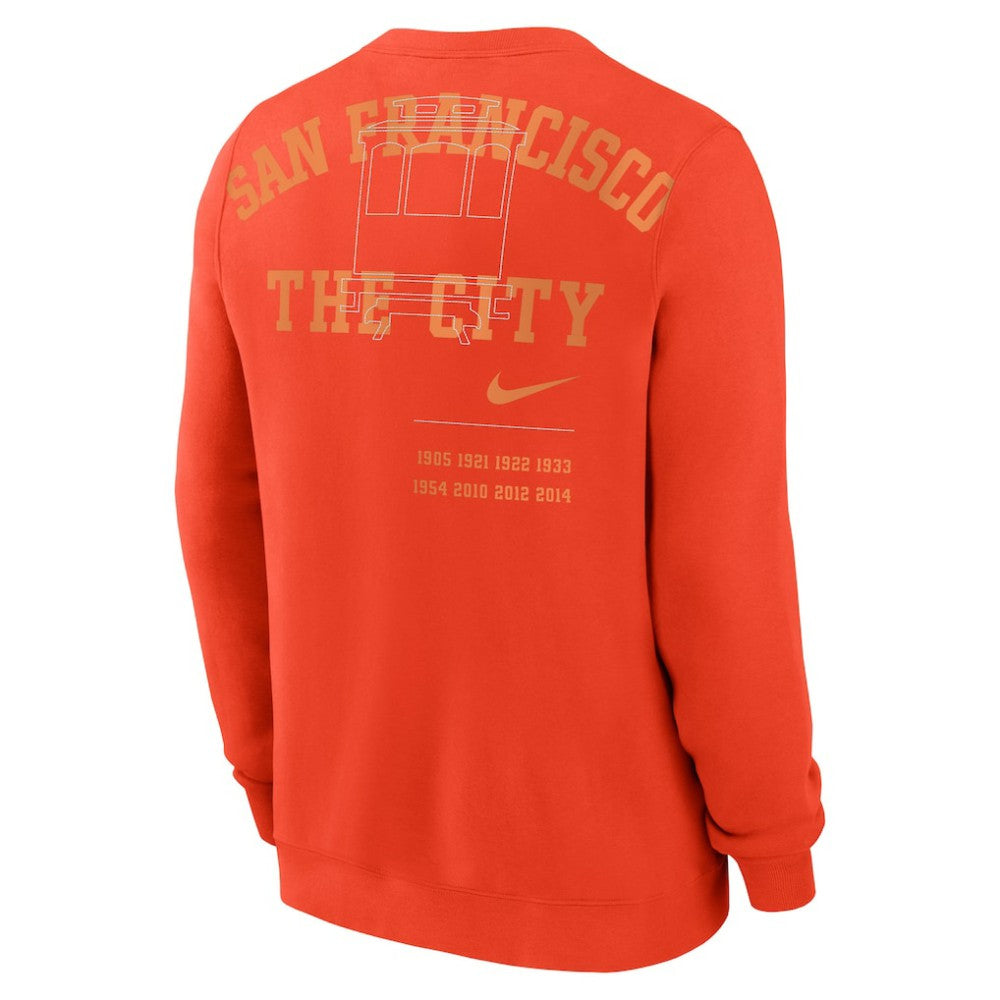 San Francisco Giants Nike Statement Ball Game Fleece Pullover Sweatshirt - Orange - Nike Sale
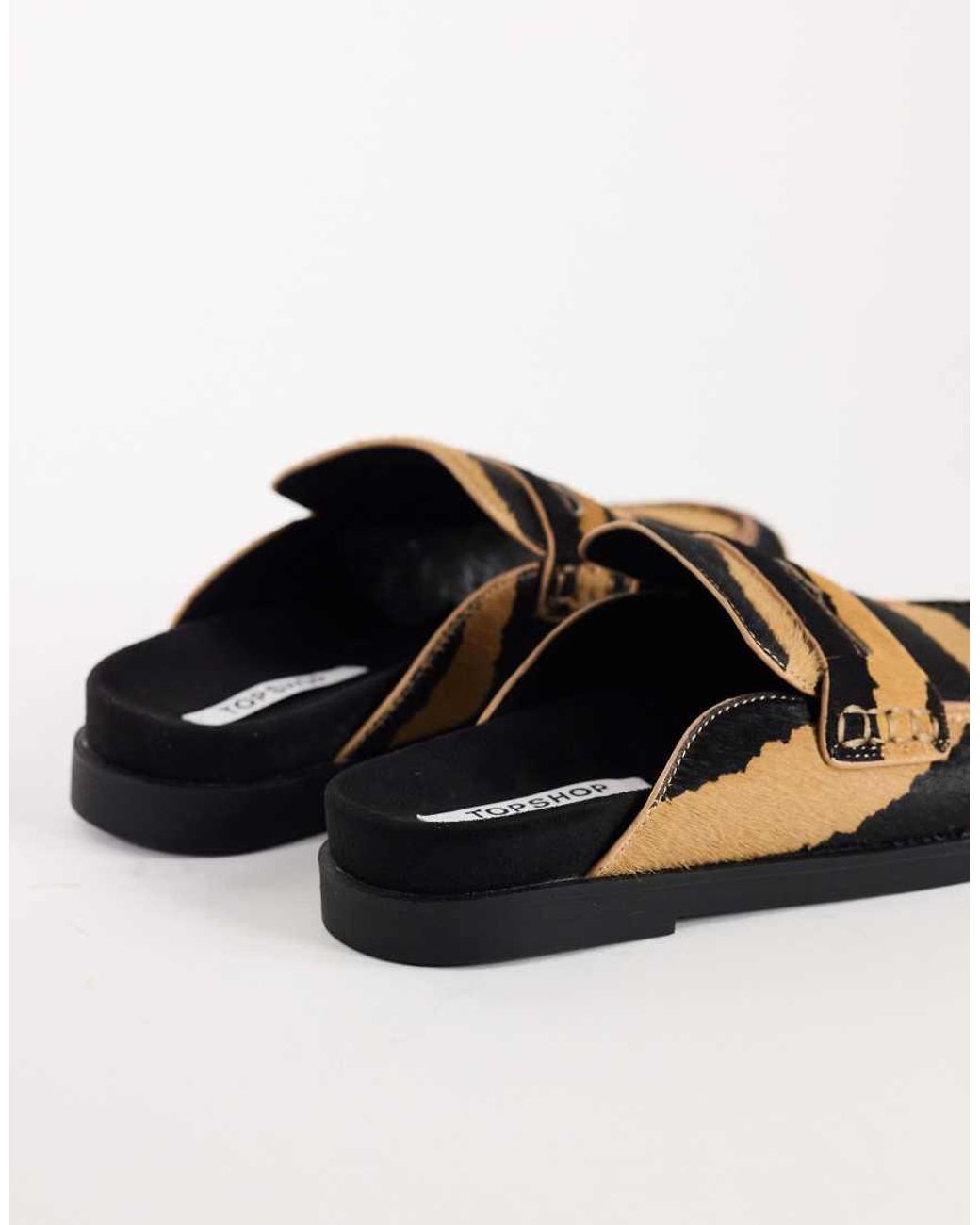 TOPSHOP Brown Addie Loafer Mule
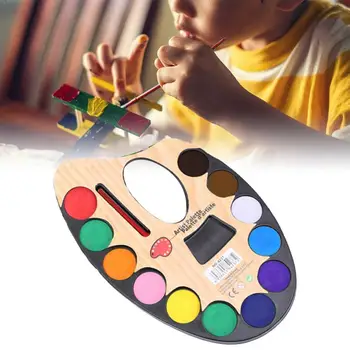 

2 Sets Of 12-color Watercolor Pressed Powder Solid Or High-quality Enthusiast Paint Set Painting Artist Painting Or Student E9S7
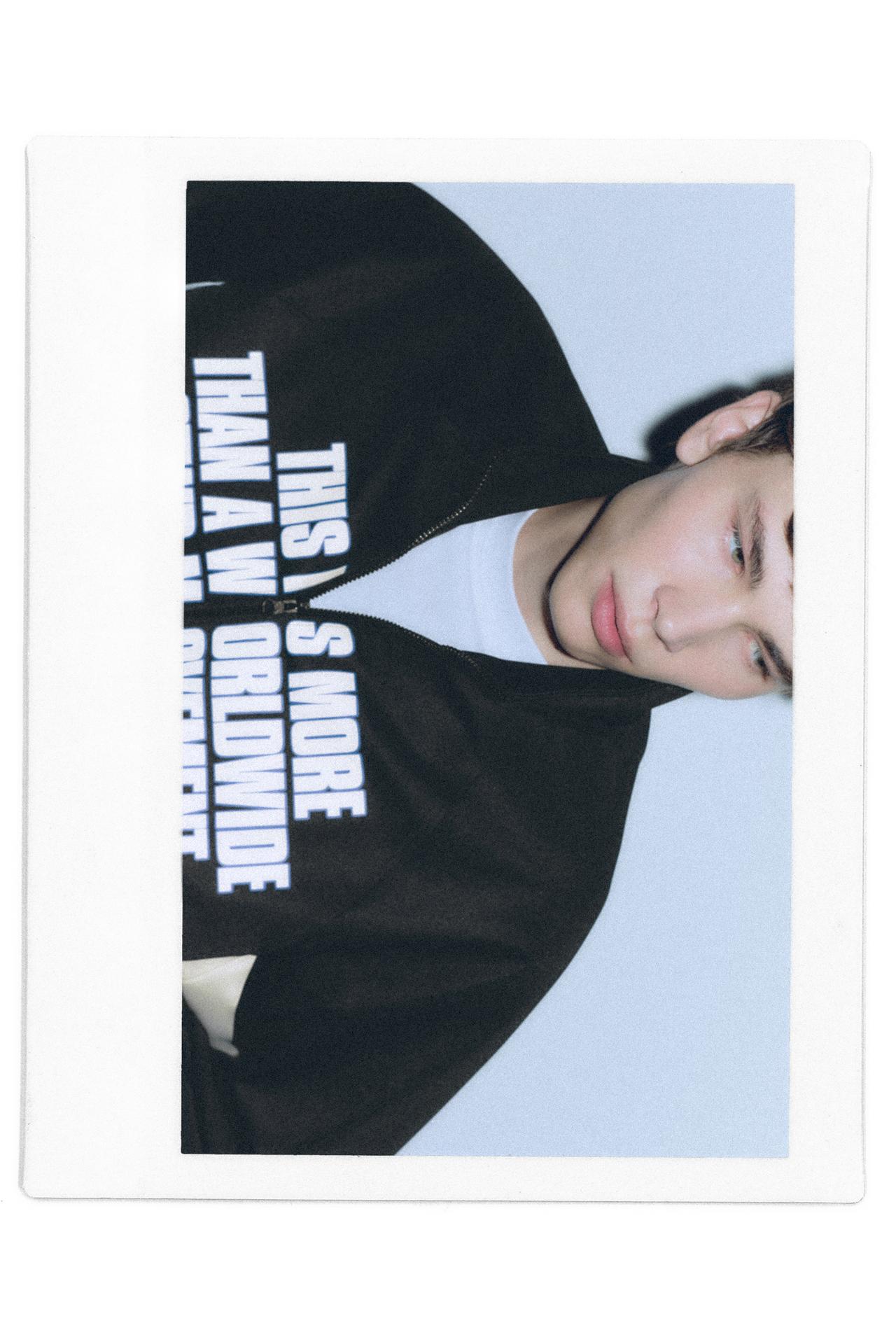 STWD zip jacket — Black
====
Task requirements: Leaving out the pictures, repeat the data above exactly.

Reply to the task:
 San Francisco Giants Nike Statement Ball Game Fleece Pullover Sweatshirt - Orange - Nike Sale
 TOPSHOP Brown Addie Loafer Mule

2 Sets Of 12-color Watercolor Pressed Powder Solid Or High-quality Enthusiast Paint Set Painting Artist Painting Or Student E9S7
 STWD zip jacket — Black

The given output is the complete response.